Over the past few months, we’ve published a number of blogs concerning children’s health care—or, to be more specific, children’s dental and vision care. These posts have proven popular enough to warrant follow-up. So, just in time for summer, we’re scouting out answers to some of your frequently asked questions about children’s dental and vision care. This week: children’s dental FAQs.
When should I bring my child to his or her first dental exam?
The American Dental Association recommends bringing your child for its first exam by age 1 at the latest.
What is bottle rot and how do I prevent it?

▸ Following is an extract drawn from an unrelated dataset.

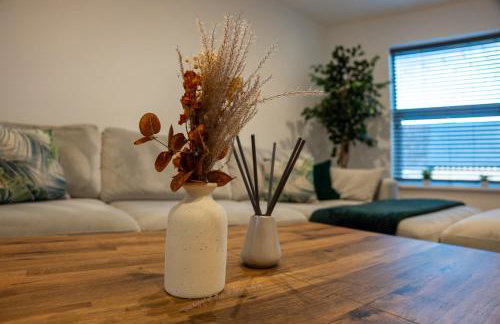 High End Contractor Apartment - 5 Separate Beds - Free Parking - Foto 27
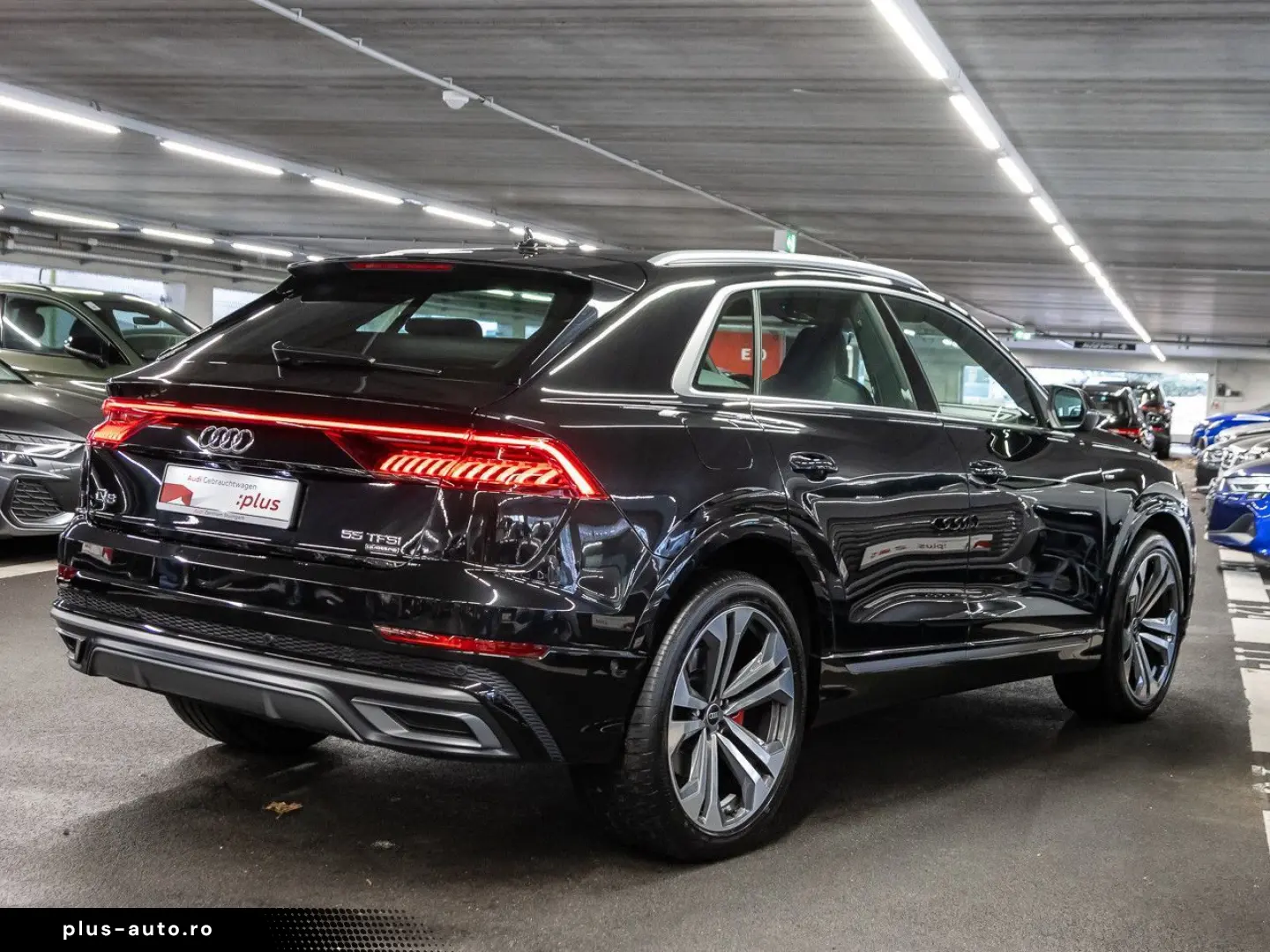 AUDI Q8 55 TFSI quattro S line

Baby Bottle Tooth Decay, also known as Early Childhood Caries, is tooth decay in infants that’s commonly caused by prolonged exposure to sugary drinks (though milk residue can also cause decay). Parents can help prevent bottle rot by not putting a baby to bed with a bottle and not giving infants sugary drinks in any form.
How often should my child see a dentist?
Children should visit the dentist once every six months for a routine check-up and cleaning. “That’s about the amount of time that plaque or tartar can start to build up on teeth,” says Dr. Josh Hammer of Landeros & Hammer Cosmetic & Family Dentistry, noting also that a routine checkup can prevent bigger problems later.
How many times a day should a child brush their teeth?
Dr. Hammer recommends that children (and adults) brush twice a day: two minutes in the morning and two minutes before bed. Children should also floss once a day in the evening to help remove any food left over from the days’ meals.
When should children start flossing?
A child should start flossing when they have two teeth that touch – typically between the ages of 2 and 3. Parents should floss for children when they’re younger, as children lack the motor dexterity needed to properly do it themselves. Children can usually begin flossing for themselves (with guidance) at around 8 years old.
Are thumb sucking and pacifier habits bad for a child’s teeth?
“They can be if they last too long,” says Dr. Hammer. “Thumb sucking in the age range of 1 to 3 usually isn’t a problem. Ideally, the habit is cured by the time the child turns 4.” After children reach 4 or 5, sucking can cause skeletal changes that result in bowing between the front and back teeth.
What are dental sealants and why should I use them?
Dental sealants cover the tops of molars and keep food particles out of the pits that often don’t get cleaned with toothbrush and floss alone. Sealants have become standard in dentistry because they’re a simple way to prevent major issues. While some dentists recommend sealants across the board, Dr. Hammer recommends sealants on a case-by-case basis, noting that they’re particularly helpful for patients with deep molar pits.